YOUR OBJECTIVE:
Would you please copy the entries exactly, leaving every picture aside?

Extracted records
-------------------------

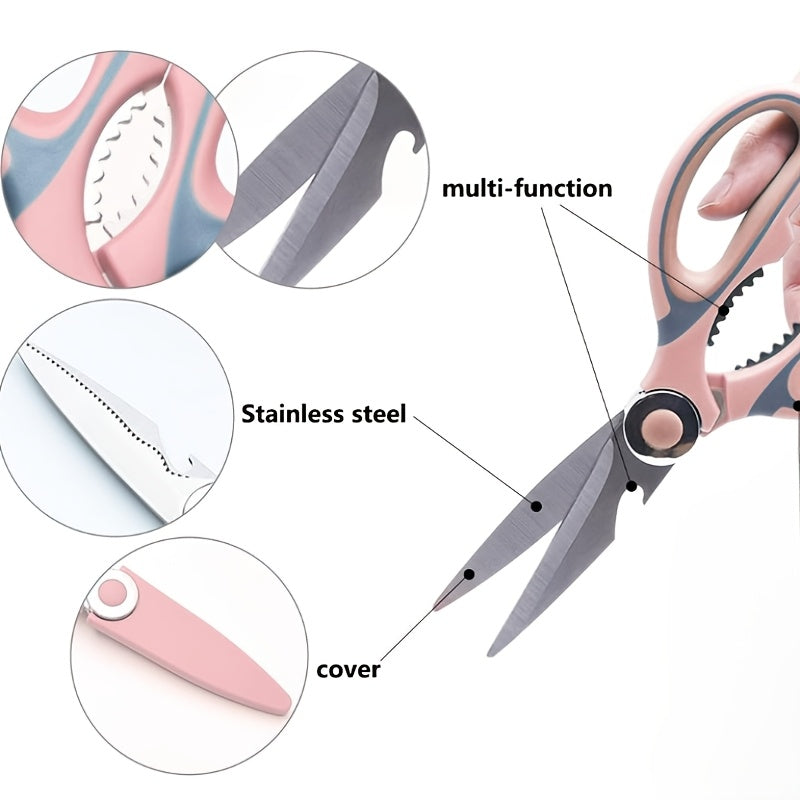 Stainless Steel Kitchen Shears for Meat Herbs Vegetables Durable Sharp Blades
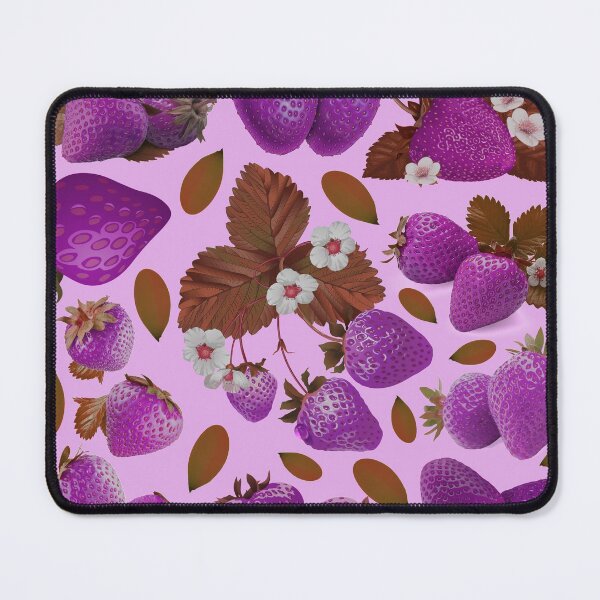 Item preview, strawberry hand drawn pink color pattern designed and sold by Special-Ninja.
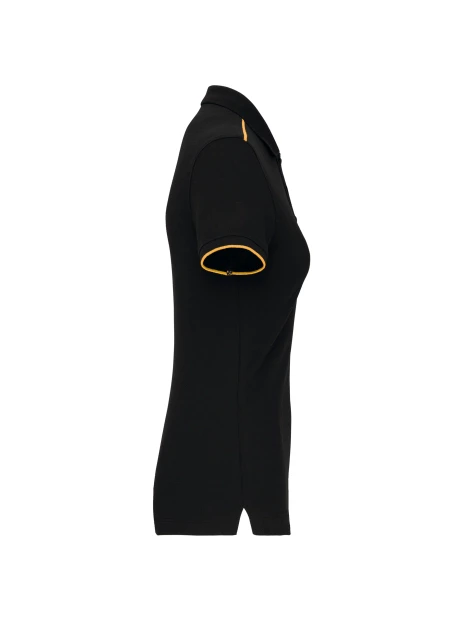 WK. DESIGNED TO WORK Polo Day To Day contrasté manches courtes femme /api/colors/e00f7052-bead-472c-ad39-3174d0f0e6f7 personnalisable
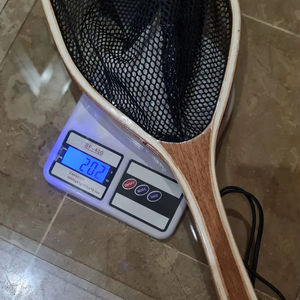 Red de Aterrizaje para Pesca con Mosca al Aire Libre, Red de Trucha, Marco de Madera con Red de Goma Fundida a Mano, Red de Pesca para Aterrizaje de Thor - Product Image 1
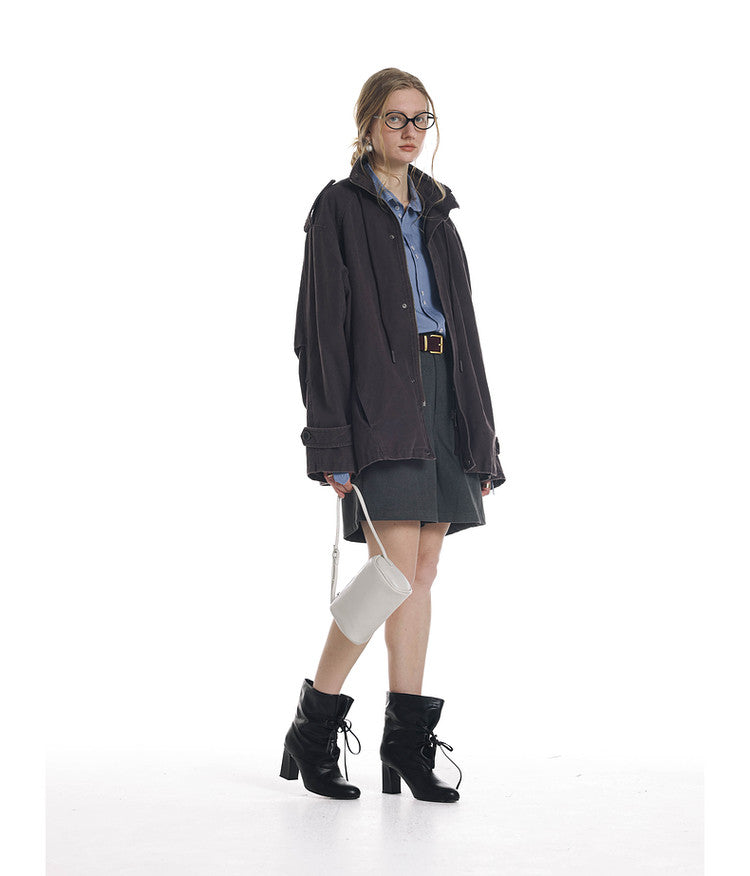 Distressed Oversized Jacket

-------------------------

TASK RESULT:
 Stainless Steel Kitchen Shears for Meat Herbs Vegetables Durable Sharp Blades
 Item preview, strawberry hand drawn pink color pattern designed and sold by Special-Ninja.
 WK. DESIGNED TO WORK Polo Day To Day contrasté manches courtes femme /api/colors/e00f7052-bead-472c-ad39-3174d0f0e6f7 personnalisable
 Red de Aterrizaje para Pesca con Mosca al Aire Libre, Red de Trucha, Marco de Madera con Red de Goma Fundida a Mano, Red de Pesca para Aterrizaje de Thor - Product Image 1
 Distressed Oversized Jacket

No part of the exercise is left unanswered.